Hunt added that although gators primarily hunt on river banks, it is not impossible that one may attack in an urban setting, like a school. The FWC issued a statement about this alligator, which Action News Jax shared:
While this gator chose to visit the campus on a Sunday when no people were present, we do want to ensure the students are safe. All wildlife issues are handled on a case-by-case basis. In this case, facilities staff will survey the perimeter of the campus to determine where the alligator may have entered. They will take preventative measures as appropriate.
This is far from the first time that an alligator has been found wandering somewhere that it shouldn’t. In March, The American Tribune wrote about another instance of a dangerous encounter in an urban environment with one of the toughest predators in America:
A North Carolina man just became the poster boy for home inspections after finding an eight-foot alligator in the attic of a house he was inspecting. The code enforcement official stumbled upon the giant while checking a home construction site and says that he nearly stepped on the prehistoric creature’s head by mistake.
Dean Brown, who found the gator, said he initially thought he was being pranked. Then, he quickly realized that this was a real sleeping gator, and he proceeded to tell the construction crew about the uninvited guest. Brown told Fox 35 Orlando:
“I thought it was a stuffed animal that someone threw up there as a joke. So I just went about my inspection.”

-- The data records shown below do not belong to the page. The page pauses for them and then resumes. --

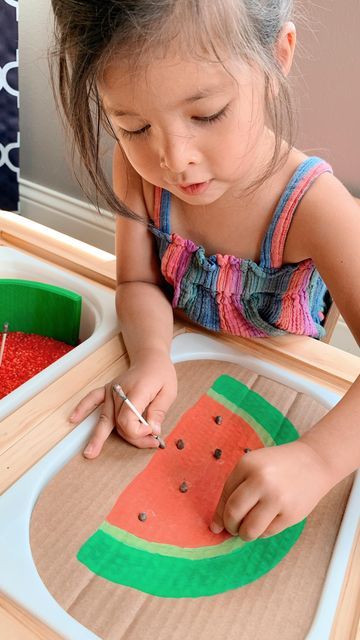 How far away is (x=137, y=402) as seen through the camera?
569mm

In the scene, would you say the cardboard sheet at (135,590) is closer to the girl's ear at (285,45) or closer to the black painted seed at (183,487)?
the black painted seed at (183,487)

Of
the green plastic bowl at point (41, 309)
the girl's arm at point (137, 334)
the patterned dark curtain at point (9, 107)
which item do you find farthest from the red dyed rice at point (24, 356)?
the patterned dark curtain at point (9, 107)

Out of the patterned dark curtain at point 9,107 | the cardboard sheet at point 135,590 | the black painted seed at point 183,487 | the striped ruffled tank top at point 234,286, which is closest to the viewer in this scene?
the cardboard sheet at point 135,590

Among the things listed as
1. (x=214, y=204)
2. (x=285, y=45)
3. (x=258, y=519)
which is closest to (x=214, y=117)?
(x=285, y=45)

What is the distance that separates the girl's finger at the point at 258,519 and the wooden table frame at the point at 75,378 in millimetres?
72

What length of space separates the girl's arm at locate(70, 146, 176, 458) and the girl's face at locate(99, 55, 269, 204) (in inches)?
6.8

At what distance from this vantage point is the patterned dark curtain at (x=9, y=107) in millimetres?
1377

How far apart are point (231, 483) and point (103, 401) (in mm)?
155

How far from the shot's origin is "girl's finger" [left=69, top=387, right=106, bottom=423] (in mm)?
545

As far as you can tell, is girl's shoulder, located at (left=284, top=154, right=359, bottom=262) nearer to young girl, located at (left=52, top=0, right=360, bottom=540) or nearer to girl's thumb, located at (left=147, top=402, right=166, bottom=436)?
young girl, located at (left=52, top=0, right=360, bottom=540)

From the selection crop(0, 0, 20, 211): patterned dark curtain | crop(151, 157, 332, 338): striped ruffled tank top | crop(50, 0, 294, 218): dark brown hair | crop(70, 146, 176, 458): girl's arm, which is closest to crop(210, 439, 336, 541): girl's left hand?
crop(70, 146, 176, 458): girl's arm

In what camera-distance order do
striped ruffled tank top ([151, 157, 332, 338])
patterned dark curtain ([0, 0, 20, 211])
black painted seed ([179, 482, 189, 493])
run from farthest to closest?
patterned dark curtain ([0, 0, 20, 211])
striped ruffled tank top ([151, 157, 332, 338])
black painted seed ([179, 482, 189, 493])

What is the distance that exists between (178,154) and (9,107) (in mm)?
1172

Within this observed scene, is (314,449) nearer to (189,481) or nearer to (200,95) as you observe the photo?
(189,481) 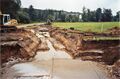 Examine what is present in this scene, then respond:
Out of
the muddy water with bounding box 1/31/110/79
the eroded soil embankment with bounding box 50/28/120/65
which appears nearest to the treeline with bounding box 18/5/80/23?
the eroded soil embankment with bounding box 50/28/120/65

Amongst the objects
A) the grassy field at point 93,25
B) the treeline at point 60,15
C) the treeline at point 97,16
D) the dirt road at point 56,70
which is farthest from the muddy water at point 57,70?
the grassy field at point 93,25

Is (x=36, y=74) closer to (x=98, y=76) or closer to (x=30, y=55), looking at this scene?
(x=98, y=76)

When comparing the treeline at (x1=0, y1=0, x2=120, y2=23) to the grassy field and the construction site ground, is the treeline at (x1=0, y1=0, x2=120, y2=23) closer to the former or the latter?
the grassy field

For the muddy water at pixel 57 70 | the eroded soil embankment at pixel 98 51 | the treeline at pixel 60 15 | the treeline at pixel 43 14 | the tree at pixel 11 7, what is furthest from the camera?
the tree at pixel 11 7

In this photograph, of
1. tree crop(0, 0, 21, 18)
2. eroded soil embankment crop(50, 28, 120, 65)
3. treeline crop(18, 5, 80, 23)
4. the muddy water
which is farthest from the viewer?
tree crop(0, 0, 21, 18)

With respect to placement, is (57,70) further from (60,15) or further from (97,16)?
(97,16)

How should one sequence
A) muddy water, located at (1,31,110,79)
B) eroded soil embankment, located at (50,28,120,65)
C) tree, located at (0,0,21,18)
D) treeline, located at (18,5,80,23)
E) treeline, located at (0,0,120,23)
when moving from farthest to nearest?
tree, located at (0,0,21,18) < treeline, located at (0,0,120,23) < treeline, located at (18,5,80,23) < eroded soil embankment, located at (50,28,120,65) < muddy water, located at (1,31,110,79)

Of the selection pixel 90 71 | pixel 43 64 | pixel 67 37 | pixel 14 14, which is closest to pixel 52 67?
pixel 43 64

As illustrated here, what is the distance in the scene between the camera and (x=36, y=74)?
8172 millimetres

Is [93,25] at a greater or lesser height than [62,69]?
greater

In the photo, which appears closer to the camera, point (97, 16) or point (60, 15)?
point (60, 15)

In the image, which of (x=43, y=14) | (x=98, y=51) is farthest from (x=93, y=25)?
(x=98, y=51)

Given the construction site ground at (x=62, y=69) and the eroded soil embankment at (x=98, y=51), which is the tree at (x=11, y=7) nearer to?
the eroded soil embankment at (x=98, y=51)

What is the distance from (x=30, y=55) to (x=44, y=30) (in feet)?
36.5
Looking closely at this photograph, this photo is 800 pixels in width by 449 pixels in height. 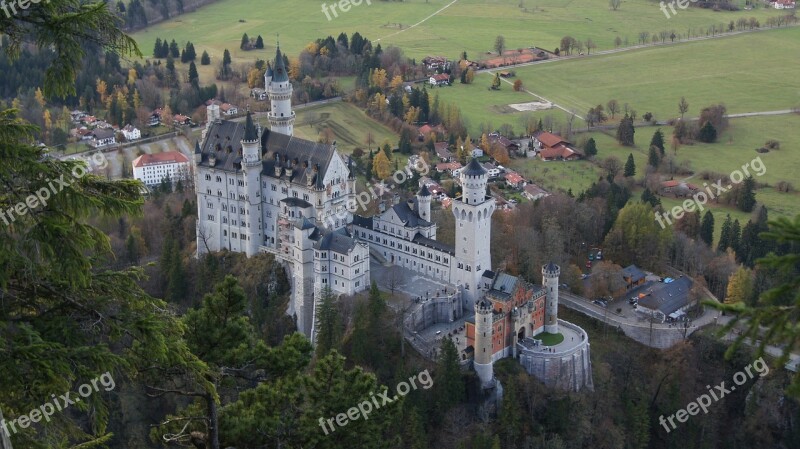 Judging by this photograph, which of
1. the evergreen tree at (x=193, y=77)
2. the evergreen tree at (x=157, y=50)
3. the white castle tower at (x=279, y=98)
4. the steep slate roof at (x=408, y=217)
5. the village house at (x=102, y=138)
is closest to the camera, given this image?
the steep slate roof at (x=408, y=217)

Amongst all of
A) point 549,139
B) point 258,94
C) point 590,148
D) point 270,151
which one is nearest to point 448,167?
point 549,139

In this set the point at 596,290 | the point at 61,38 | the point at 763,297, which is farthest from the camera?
the point at 596,290

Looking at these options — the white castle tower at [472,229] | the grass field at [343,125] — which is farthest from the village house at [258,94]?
the white castle tower at [472,229]

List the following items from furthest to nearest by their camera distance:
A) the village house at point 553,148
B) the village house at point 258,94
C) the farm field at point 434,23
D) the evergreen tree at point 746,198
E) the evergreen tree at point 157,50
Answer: the farm field at point 434,23
the evergreen tree at point 157,50
the village house at point 258,94
the village house at point 553,148
the evergreen tree at point 746,198

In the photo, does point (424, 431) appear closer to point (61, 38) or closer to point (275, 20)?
point (61, 38)

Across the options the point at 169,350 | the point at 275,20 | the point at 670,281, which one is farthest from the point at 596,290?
the point at 275,20

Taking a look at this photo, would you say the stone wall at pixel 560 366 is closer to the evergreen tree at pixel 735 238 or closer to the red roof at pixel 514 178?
the evergreen tree at pixel 735 238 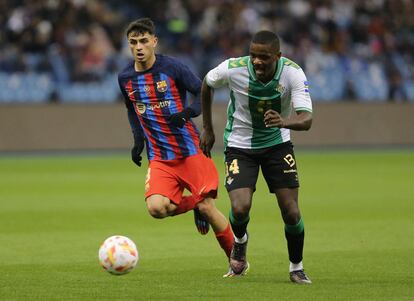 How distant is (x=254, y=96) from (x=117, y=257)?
173cm

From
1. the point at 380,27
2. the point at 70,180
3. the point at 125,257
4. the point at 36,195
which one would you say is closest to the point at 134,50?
the point at 125,257

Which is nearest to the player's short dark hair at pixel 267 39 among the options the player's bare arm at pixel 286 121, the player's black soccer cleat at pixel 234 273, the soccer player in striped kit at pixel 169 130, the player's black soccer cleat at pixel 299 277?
the player's bare arm at pixel 286 121

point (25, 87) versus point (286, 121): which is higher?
point (286, 121)

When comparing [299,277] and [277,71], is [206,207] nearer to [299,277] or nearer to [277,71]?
[299,277]

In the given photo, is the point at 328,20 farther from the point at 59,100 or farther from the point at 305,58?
the point at 59,100

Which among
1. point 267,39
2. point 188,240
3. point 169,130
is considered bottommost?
point 188,240

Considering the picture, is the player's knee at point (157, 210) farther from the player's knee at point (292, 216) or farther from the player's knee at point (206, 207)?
the player's knee at point (292, 216)

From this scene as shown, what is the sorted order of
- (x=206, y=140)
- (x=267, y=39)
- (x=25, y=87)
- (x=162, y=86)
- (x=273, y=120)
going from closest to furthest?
(x=273, y=120)
(x=267, y=39)
(x=206, y=140)
(x=162, y=86)
(x=25, y=87)

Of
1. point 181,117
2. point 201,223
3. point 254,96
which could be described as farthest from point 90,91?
point 254,96

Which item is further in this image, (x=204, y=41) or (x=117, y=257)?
(x=204, y=41)

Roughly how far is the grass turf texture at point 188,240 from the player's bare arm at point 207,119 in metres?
1.11

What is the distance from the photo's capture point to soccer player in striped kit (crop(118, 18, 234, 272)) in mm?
9016

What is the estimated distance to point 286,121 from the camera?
7809 mm

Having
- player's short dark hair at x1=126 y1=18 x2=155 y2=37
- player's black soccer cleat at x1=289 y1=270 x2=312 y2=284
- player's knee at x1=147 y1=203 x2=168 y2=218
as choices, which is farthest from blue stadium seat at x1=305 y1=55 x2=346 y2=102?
player's black soccer cleat at x1=289 y1=270 x2=312 y2=284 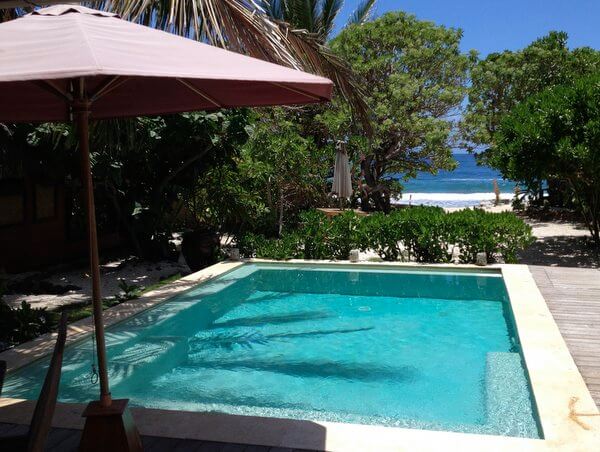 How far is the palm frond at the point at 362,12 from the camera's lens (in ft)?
83.9

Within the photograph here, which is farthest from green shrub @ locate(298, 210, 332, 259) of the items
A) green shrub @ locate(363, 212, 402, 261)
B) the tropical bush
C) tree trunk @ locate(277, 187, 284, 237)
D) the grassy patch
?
the grassy patch

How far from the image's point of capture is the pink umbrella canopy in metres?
2.50

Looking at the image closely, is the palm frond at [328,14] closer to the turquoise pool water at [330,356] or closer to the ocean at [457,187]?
the turquoise pool water at [330,356]

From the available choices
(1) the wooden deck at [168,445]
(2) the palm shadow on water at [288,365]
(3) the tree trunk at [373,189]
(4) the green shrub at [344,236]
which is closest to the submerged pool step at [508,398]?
(2) the palm shadow on water at [288,365]

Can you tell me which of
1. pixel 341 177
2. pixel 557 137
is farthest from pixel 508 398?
pixel 341 177

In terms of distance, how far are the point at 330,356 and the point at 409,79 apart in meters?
17.0

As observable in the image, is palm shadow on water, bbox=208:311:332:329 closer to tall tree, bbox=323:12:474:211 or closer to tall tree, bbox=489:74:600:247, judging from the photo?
tall tree, bbox=489:74:600:247

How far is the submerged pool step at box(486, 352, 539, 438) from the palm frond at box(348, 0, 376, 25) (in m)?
21.4

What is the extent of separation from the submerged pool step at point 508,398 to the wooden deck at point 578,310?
1.79 feet

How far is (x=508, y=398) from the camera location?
543 cm

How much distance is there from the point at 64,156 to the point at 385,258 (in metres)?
6.72

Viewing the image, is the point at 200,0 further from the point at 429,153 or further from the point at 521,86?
the point at 521,86

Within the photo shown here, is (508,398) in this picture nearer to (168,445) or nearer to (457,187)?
(168,445)

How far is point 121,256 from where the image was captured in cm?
1375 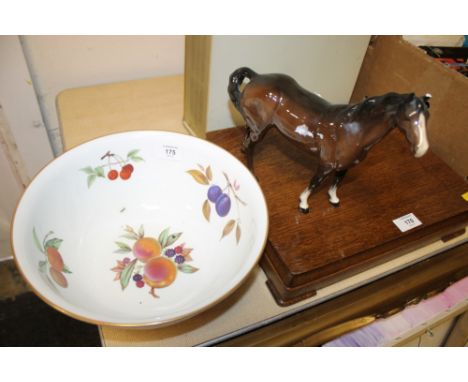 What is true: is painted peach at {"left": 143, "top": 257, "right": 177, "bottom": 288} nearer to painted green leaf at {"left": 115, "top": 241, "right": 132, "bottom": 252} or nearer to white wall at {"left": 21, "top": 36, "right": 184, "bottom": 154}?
painted green leaf at {"left": 115, "top": 241, "right": 132, "bottom": 252}

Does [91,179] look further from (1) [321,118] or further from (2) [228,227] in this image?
(1) [321,118]

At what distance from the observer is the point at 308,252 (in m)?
0.48

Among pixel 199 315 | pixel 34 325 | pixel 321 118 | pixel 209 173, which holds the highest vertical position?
pixel 321 118

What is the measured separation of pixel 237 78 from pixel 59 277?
0.33 meters

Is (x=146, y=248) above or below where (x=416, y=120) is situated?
below

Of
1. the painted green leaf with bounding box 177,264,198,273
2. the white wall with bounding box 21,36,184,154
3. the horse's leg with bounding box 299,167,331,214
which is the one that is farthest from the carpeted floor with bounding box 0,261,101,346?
the horse's leg with bounding box 299,167,331,214

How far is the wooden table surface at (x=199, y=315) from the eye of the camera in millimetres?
461

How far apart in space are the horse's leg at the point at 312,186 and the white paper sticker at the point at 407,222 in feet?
0.42

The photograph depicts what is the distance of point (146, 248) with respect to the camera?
0.52 metres

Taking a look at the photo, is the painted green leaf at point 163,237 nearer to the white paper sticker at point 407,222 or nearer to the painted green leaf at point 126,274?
the painted green leaf at point 126,274

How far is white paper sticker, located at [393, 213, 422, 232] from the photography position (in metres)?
0.52

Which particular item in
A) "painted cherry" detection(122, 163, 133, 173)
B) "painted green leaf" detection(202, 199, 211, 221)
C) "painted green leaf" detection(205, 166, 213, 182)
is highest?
"painted green leaf" detection(205, 166, 213, 182)

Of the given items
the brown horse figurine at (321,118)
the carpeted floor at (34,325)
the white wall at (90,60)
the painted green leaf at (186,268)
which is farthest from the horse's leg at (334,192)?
the carpeted floor at (34,325)

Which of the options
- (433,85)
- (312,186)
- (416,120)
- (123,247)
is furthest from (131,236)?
(433,85) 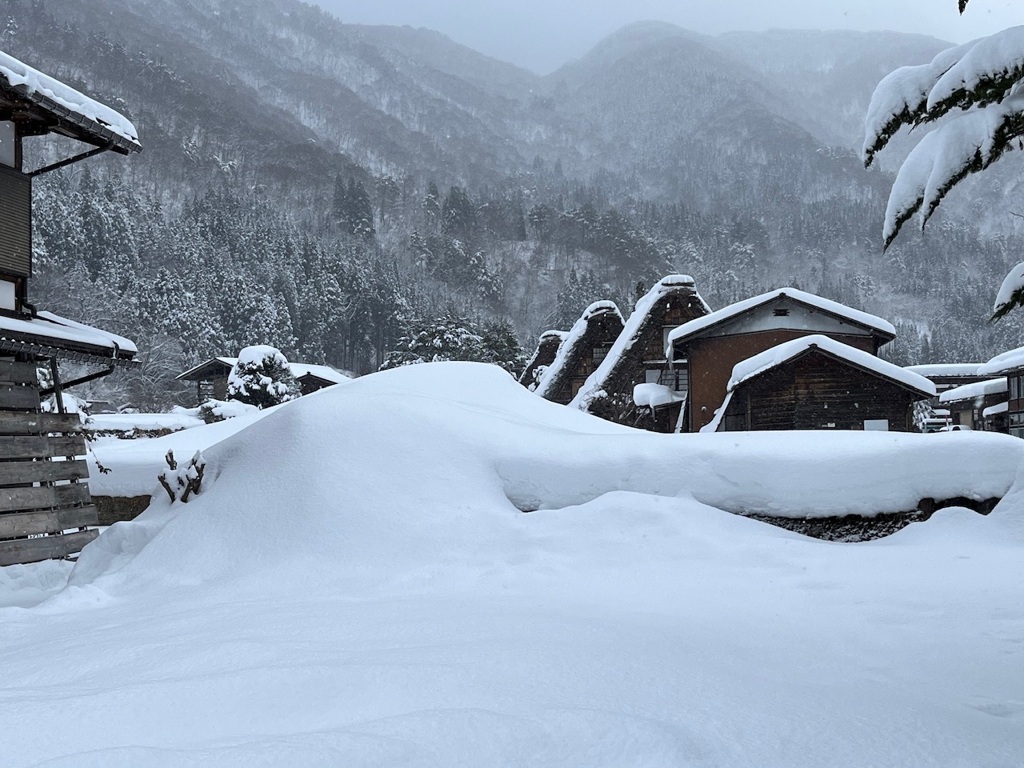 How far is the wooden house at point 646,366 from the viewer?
26.1 metres

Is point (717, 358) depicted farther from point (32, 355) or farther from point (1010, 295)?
point (1010, 295)

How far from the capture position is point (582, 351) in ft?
104

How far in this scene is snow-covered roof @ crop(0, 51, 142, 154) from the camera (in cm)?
834

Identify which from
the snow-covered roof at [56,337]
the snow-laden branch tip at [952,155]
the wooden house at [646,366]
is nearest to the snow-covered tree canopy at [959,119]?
the snow-laden branch tip at [952,155]

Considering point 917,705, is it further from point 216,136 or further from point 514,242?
point 216,136

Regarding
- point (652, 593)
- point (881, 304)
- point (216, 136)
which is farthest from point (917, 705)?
point (216, 136)

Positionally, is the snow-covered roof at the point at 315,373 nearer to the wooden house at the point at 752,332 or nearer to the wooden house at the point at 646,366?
the wooden house at the point at 646,366

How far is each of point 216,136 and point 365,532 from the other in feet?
414

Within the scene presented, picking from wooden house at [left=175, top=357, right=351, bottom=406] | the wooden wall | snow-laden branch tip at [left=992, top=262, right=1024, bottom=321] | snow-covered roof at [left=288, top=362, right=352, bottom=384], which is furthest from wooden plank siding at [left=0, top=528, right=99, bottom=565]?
snow-covered roof at [left=288, top=362, right=352, bottom=384]

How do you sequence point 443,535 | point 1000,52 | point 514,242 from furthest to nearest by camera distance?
point 514,242 < point 443,535 < point 1000,52

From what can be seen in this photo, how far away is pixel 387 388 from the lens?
28.8 ft

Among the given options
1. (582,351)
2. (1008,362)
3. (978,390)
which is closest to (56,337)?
(582,351)

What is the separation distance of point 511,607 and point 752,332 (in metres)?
19.0

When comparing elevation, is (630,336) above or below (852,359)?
below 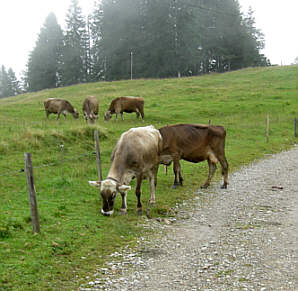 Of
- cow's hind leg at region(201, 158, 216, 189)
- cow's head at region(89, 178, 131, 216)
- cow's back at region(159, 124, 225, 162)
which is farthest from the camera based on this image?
cow's hind leg at region(201, 158, 216, 189)

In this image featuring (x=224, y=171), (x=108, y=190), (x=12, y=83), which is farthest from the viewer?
(x=12, y=83)

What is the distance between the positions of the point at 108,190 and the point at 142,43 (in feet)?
176

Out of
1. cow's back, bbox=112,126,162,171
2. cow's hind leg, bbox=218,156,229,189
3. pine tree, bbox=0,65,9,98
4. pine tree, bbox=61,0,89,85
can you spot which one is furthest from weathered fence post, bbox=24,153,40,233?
pine tree, bbox=0,65,9,98

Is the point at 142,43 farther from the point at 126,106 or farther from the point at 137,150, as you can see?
the point at 137,150

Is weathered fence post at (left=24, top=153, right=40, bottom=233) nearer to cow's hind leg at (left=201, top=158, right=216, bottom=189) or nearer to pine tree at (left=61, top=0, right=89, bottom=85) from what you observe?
cow's hind leg at (left=201, top=158, right=216, bottom=189)

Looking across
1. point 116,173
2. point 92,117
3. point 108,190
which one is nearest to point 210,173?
point 116,173

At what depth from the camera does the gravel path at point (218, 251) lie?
4957 millimetres

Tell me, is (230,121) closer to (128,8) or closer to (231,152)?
(231,152)

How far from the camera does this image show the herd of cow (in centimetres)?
750

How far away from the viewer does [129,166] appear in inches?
311

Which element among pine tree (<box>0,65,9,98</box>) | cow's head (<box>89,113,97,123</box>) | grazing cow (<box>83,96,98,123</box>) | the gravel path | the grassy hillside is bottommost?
the gravel path

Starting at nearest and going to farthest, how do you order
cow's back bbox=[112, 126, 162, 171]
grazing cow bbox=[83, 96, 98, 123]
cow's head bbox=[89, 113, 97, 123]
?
cow's back bbox=[112, 126, 162, 171] < cow's head bbox=[89, 113, 97, 123] < grazing cow bbox=[83, 96, 98, 123]

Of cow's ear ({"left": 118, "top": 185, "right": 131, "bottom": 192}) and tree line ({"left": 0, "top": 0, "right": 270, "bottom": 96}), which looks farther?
tree line ({"left": 0, "top": 0, "right": 270, "bottom": 96})

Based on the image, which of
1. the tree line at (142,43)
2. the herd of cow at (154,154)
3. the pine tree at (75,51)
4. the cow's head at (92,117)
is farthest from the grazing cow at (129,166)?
the pine tree at (75,51)
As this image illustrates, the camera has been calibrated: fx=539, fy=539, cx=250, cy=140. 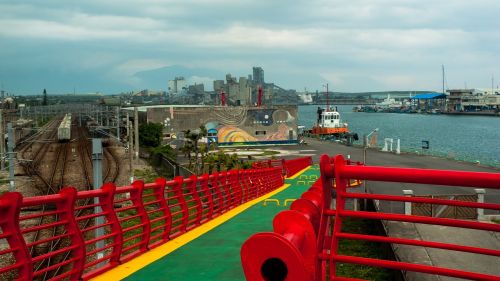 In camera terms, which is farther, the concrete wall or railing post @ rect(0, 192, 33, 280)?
the concrete wall

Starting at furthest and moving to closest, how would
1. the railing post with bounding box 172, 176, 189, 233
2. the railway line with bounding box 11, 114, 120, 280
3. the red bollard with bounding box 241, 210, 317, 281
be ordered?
the railway line with bounding box 11, 114, 120, 280 → the railing post with bounding box 172, 176, 189, 233 → the red bollard with bounding box 241, 210, 317, 281

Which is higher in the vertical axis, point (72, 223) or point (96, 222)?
point (72, 223)

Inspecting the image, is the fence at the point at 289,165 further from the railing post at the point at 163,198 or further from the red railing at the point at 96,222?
the railing post at the point at 163,198

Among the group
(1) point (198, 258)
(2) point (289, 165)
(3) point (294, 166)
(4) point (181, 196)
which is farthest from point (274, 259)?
(3) point (294, 166)

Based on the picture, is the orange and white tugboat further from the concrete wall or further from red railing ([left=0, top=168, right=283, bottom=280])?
red railing ([left=0, top=168, right=283, bottom=280])

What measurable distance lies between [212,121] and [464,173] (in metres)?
72.8

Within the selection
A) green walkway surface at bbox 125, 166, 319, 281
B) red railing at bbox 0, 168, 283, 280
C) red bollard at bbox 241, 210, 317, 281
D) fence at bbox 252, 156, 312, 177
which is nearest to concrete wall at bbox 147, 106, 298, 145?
fence at bbox 252, 156, 312, 177

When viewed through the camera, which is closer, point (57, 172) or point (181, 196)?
point (181, 196)

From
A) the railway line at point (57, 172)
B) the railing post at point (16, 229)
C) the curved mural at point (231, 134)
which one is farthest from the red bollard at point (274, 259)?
the curved mural at point (231, 134)

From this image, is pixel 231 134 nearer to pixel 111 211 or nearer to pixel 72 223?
pixel 111 211

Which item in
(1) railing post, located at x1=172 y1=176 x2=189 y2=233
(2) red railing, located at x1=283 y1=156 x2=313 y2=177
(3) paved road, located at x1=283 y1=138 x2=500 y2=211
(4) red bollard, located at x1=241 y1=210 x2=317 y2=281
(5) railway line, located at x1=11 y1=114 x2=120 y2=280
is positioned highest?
(4) red bollard, located at x1=241 y1=210 x2=317 y2=281

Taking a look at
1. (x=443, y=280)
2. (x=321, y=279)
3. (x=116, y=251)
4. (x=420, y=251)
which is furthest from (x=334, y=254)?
(x=420, y=251)

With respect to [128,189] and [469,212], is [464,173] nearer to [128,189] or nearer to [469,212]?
[128,189]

According to PopSci, there are some practices that can help people remain safe when they are in regions that contain Alligator:
“If you do see one (or several), keep your distance—at least 15 to 30 feet. While alligators aren’t typically aggressive, they will protect themselves or their nests if they feel threatened. Alligators can be active year-round, especially during warmer summer months and between dusk and dawn when they do most of their hunting, but you should be extra wary in June during nesting season when they will be protecting their eggs, and in the spring when mating season begins.”